Spesa che verrà compensata da crescita ed entrate fiscali?

«O recuperiamo subito almeno un terzo dell’ evasione fiscale, o abbiamo davanti un altro colpo allo Stato sociale. E ancora: 250 miliardi vogliono dire qualche punto in più di occupazione, ma attenzione: degli ultimi 600mila assunti in Italia, l’80% erano precari e di questi il 30% avevano contratti con meno di un mese. Oggi abbiamo 980 contratti nazionali, ma ne avevamo 410 dieci anni fa: sono contratti pirata e dunque ci vuole una legge sulla rappresentanza e sulla contrattazione. Così inizia un ciclo, mi spiego? In definitiva: durante quest’anno dobbiamo preparare le riforme, che il governo non potrà fare. Perché neanche Draghi è tenuto alle cose impossibili. Come una vera riforma fiscale. Il governo svolge ottimamente il suo compito: fronteggiare l’emergenza. Sanitaria ed economica».

Il governo può durare altri 90 giorni, poi 3 mesi di stallo per le elezioni e un nuovo governo. Oppure si possono trovare delle buone ragioni per stare assieme e votare fra 14 mesi. Per l’Italia cosa è meglio?

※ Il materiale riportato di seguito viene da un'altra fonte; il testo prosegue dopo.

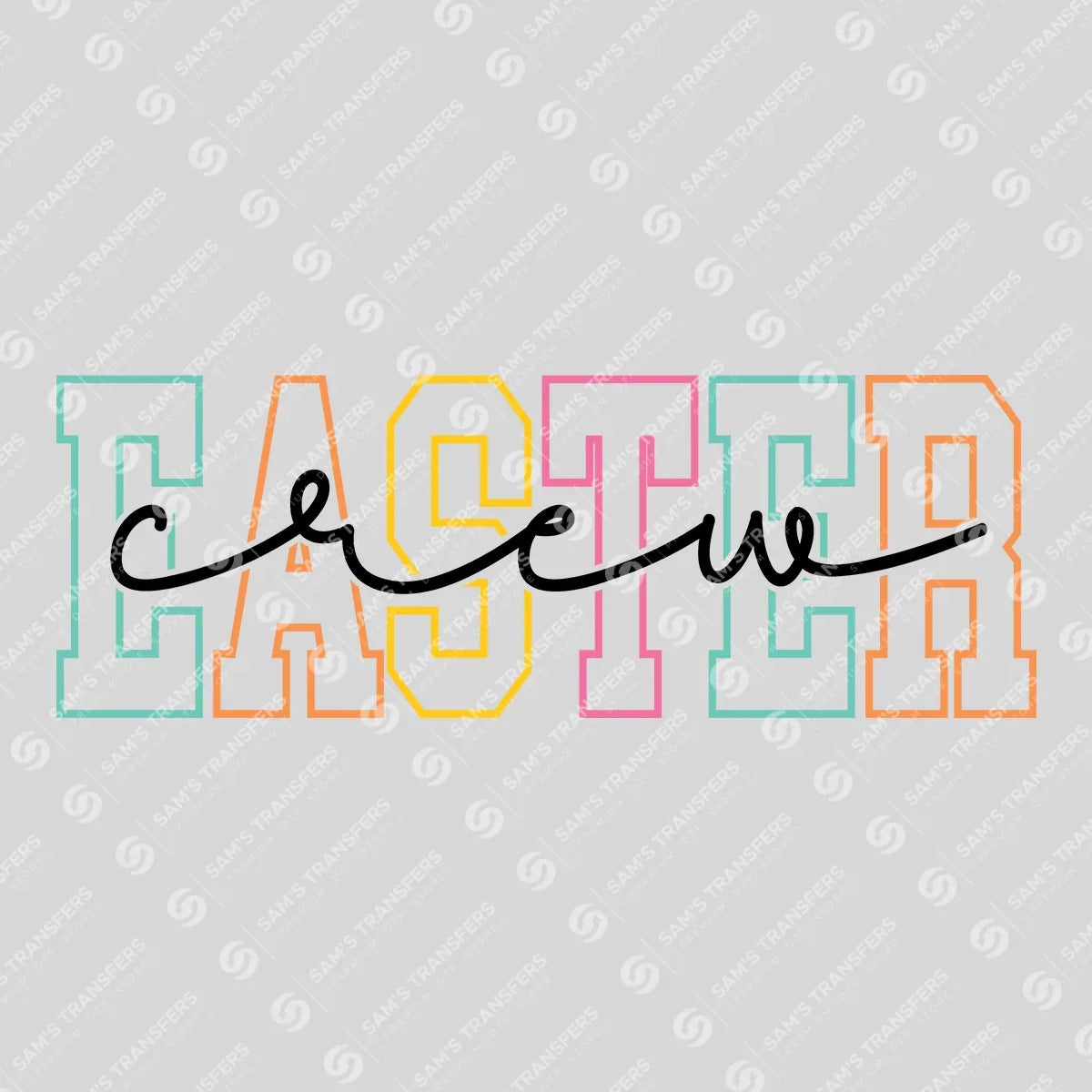 Apparel featuring a Easter Varsity Script-themed DTF transfer.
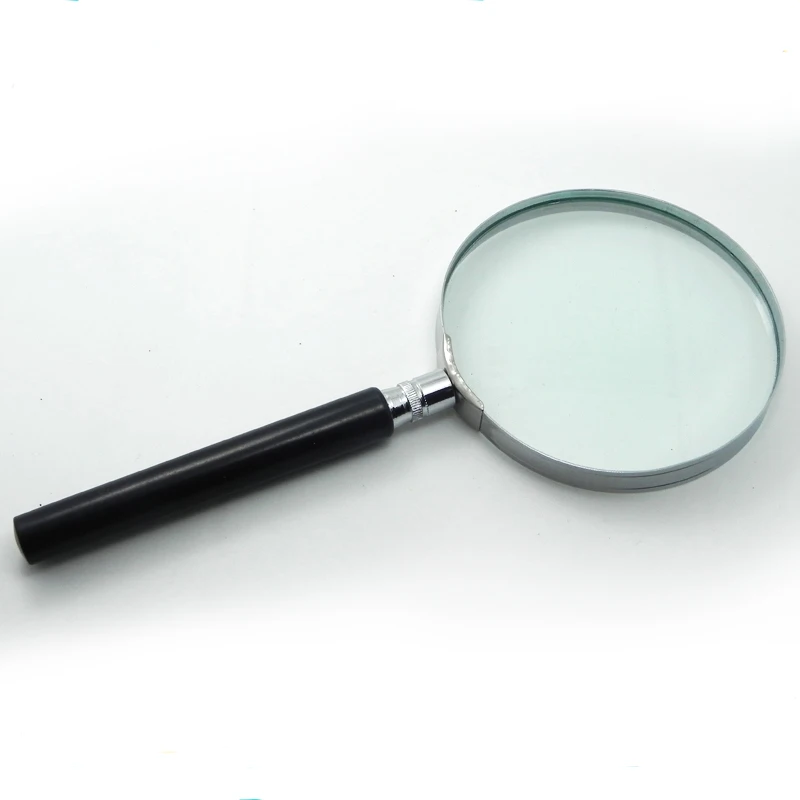 hot sale semimetal Glass Material 75mm magnifying glass:Handheld metal magnifier;semimetal,wooden handle magnifier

«Sulla presidenza della Repubblica stiamo preparando una scelta irrituale: tra un semi-inedito, la conferma del Capo dello Stato uscente, e un inedito: un presidente del Consiglio che di fatto si auto-rassegna le dimissioni. E se invece decidessimo di esser normali? Scegliendoci il miglior Presidente possibile e lasciando al Parlamento di decidere il destino del governo. Ponendo il traguardo della legislatura al 2023, ma senza la fiducia al cento per cento, di arrivarci».